Start with the inclusion-exclusion argument. We compute the
cardinality of a set of arrangements where a given set of $q$ couples
or more sit together. There are $2^q$ possibilities of ordering the
$q$ couples. These are now fused and we have $2n-2q$ people left over
which are joined by $q$ couples in a circular permutation, so there
are $(2n-2q+q)!/(2n-2q+q) = (2n-q-1)!$ such arangements. This yields
by inclusion-exclusion the closed formula
$$\sum_{q=0}^n {n\choose q} (-1)^q 2^q (2n-q-1)!$$
which we divide by $(2n-1)!$ to get the probability. For the
asymptotics we use
$$(2n-q-1)! = \Gamma(2n-q) = \int_0^\infty x^{2n-q-1} e^{-x} dx.$$
This yields for the sum
$$\int_0^\infty x^{2n-1} e^{-x}
\sum_{q=0}^n {n\choose q} (-1)^q 2^q x^{-q}
dx
\\ = \int_0^\infty x^{2n-1} e^{-x}
\left(1-\frac{2}{x}\right)^n dx
= \int_0^\infty x^{n-1} (x-2)^n e^{-x} dx.$$
We will compute the asymptotic with Laplace's
method. To do this
put $x=nz$ to obtain
$$n^{n-1} \times n^n \times n
\times \int_0^\infty z^{n-1} (z-2/n)^n e^{-nz} dz
\\ = n^{2n}
\times \int_0^\infty z^{n-1} (z-2/n)^n e^{-nz} dz
.$$
The integrand is
$$\exp(n(\log(z)+\log(z-2/n)-\log(z)/n-z)) = \exp(n f(z)).$$
To find the saddle point we solve the saddle point equation $f'(z)=0$
which produces $$z_0 \approx 2 + \frac{1}{n^2}.$$
The asymptotic is then given by
$$\sqrt{\frac{2\pi}{n|f''(z_0)|}} e^{nf(z_0)}.$$
We have for $f(z_0)$
$$\log 2 + \log(1+1/n^2/2)
+ \log 2 + \log(1-1/n+1/n^2/2)
\\ - 1/n \log 2 - 1/n \log (1 + 1/n^2/2)
- 2 - 1/n^2.$$
The first two terns are
$$f(z_0) \approx 2\log 2 -2 - 1/n \log 2 - 1/n.$$
Furthermore we have
$$f''(z_0) \approx -\frac{1}{2}$$
so $f(z)$ does indeed have a maximum there.

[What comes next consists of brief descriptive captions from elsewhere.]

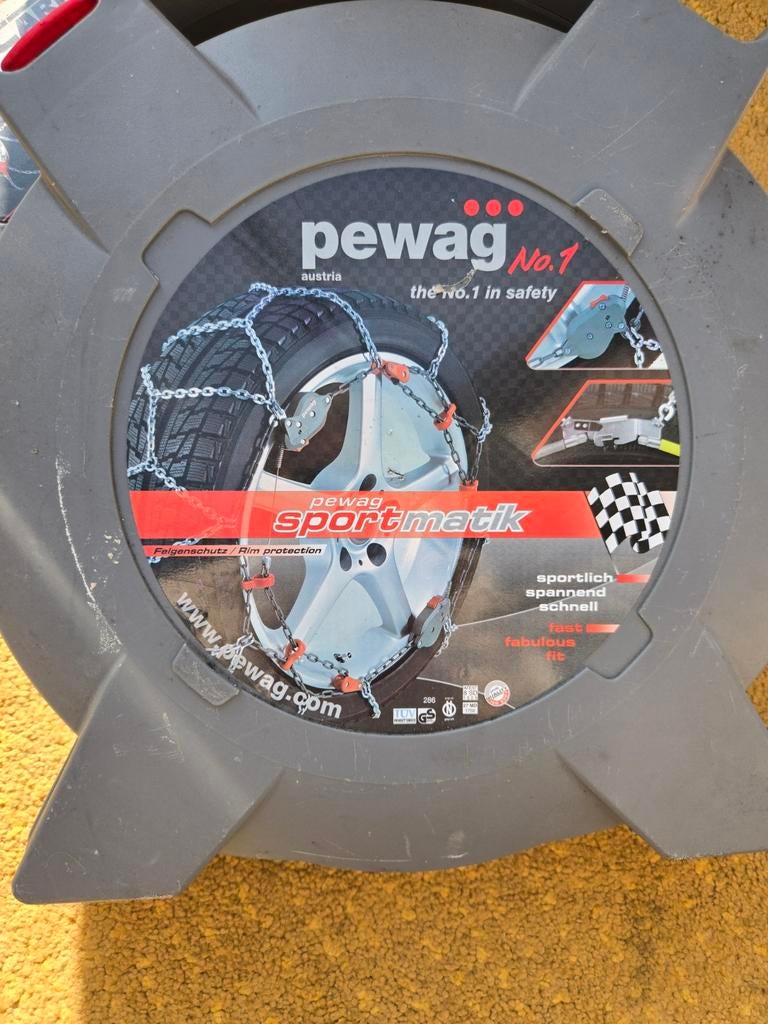 Pewag Sportmatik SMX 73 sneeuwkettingen - ANWB, Ophalen of Verzenden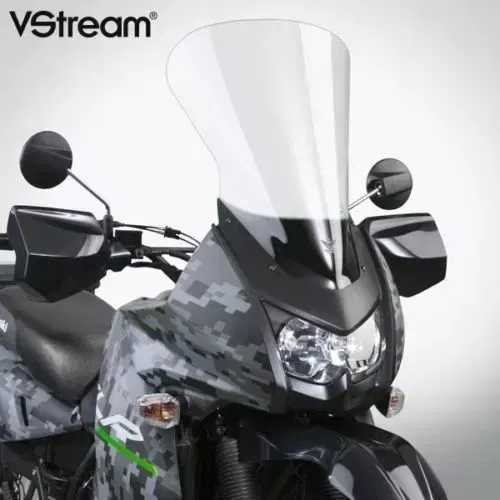 National Cycle Vstream Fairing Mounted Windshield Clear N20114
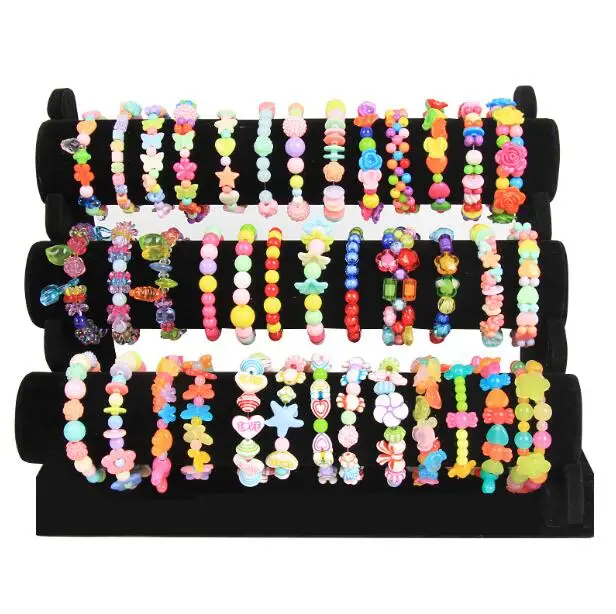 Модные игрушки для девочек красочные игрушки DIY браслет игрушки ювелирные изделия делая детей Хама бусины развивающие 3D головоломки Perler бусины игрушки GYH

Putting it all together we obtain
$$\sqrt{\frac{4\pi}{n}}
e^{2n\log 2 - 2n - \log 2 - 1}
= 2\sqrt{\frac{\pi}{n}}
\frac{2^{2n}}{2e^{2n+1}}
= \sqrt{\frac{\pi}{n}}
\frac{2^{2n}}{e^{2n+1}}.$$
This yields for our sum
$$n^{2n-1/2} \sqrt{\pi} \frac{2^{2n}}{e^{2n+1}}.$$
Now Stirling's formula yields
$$(2n-1)! \sim \sqrt{2\pi(2n-1)} (2n-1)^{2n-1} e^{-(2n-1)}.$$
This gives for the probability
$$\frac{1}{e^2} \frac{2\sqrt{n}}{\sqrt{2(2n-1)}}
\frac{2^{2n-1} n^{2n-1}}{(2n-1)^{2n-1}}
\sim \frac{1}{e^2}
\left(1+\frac{1}{2n-1}\right)^{2n-1}
\sim \frac{1}{e}$$
and the conjecture is proved.
Remark. These are the details of the inclusion-exclusion
argument. The nodes of the underlying poset represent arrangements
where some set of $q$ couples sit together, possibly more. The Mobius
function of the poset is $(-1)^q.$ A specific arrangement with exactly
$p$ couples sitting together is included in the ${p\choose q}$ nodes
where $q$ couples from the $p$ couples sit together, or more. It is
not included in any nodes representing more than $p$ couples sitting
together because this is impossible when the count is precisely
$p$. Therefore the total weight with the given Mobius function is
$$\sum_{q=0}^p {p\choose q} (-1)^q.$$
This is zero when $p\ge 1$ and one when $p = 0.$ These weights
correctly represent the requirement of arrangements with no couples
sitting together being counted once and all others being counted zero
times.
Addendum. An approach to this problem using the methods of
experimental mathematics might begin by computing the values for small
$n$ using total enumeration and hence verify the formula from
inclusion-exclusion, and then use that to compute the probabilities
for larger $n$, leading to a conjecture that we have $1/e.$ The
enumeration task is practicable to about $n=5$ and confirms the
correctness of the formula. This is the code, which consumes very
little memory. We get starting with one couple
$$0, 2, 32, 1488, 112512,\ldots$$
Observe that we got the correct value for $n=1$ unlike from the
formula, which does not work here because when there is only one
couple the two orderings of its constituents are the same, but the
factor $2^q$ produces a value of two instead of a value of one.
with(combinat);
X :=
proc(n)
option remember;
local perm, circ, count, pos;
count := 0;
perm := firstperm(2*n-1);
while type(perm, `list`) do
circ := [op(perm), 2*n, perm[1]];
for pos to 2*n do
if abs(circ[pos]-circ[pos+1]) = 1
and type(min(circ[pos], circ[pos+1]), `odd`)
then
break;
fi;
od;
if pos = 2*n + 1 then
count := count + 1;
fi;
perm := nextperm(perm);
od;
count;
end;
Q := n -> add(binomial(n,q)*(-1)^q*2^q*(2*n-q-1)!, q=0..n);